Auf der französischen Seite des Rheins sorgte die Kritik aus Deutschland für erhebliche Verstimmungen. Florien Kraft, Leiter der Atomaufsicht in Straßburg, wies gestern in Colmar in der Sitzung der Überwachungskommission Fessenheim (Clis) die Ergebnisse des Ökoinstituts zurück. Darin würden lediglich die Sicherheitsvorschriften, nicht aber die Umsetzung der nationalen Regelwerke und die Kontrollpraxis in beiden Ländern einander gegenübergestellt. Zuvor hatte einer der Autoren des Ökoinstituts auf Einladung der Clis die Kernaussagen der Studie referiert. Kraft entgegnete ihm: "Sie kommen mit einem Gutachten, in dem sie sagen, wir machen eine schlechte Arbeit."

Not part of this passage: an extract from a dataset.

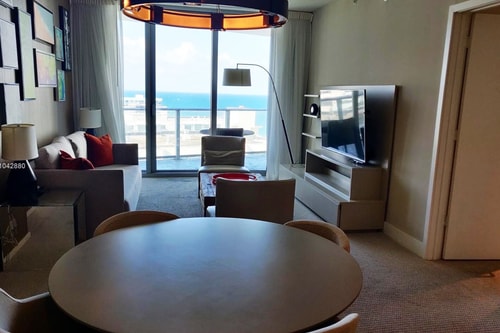 Ocean View Apt on the Beach 2 Bedroom 2 Bath. 26 Dwell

Gerrit Niehaus, Leiter der Atomüberwachung in Stuttgart, räumte ein: "Wir hüten uns davor, zu behaupten, dass deutsche Nuklearanlagen keine Schwachstellen aufweisen." Deutschland habe entschieden, die Risiken der Atomenergie durch den Ausstieg zu begrenzen. Unterdessen hat der Chef der französischen Atomaufsicht, Pierre-Franck Chevet, am Wochenende darauf verwiesen, dass der Betreiber EdF de France noch keine Vorbereitungen für die Stilllegung von Fessenheim getroffen habe. Bis 2016 will die französische Regierung das älteste Akw des Landes vom Netz nehmen.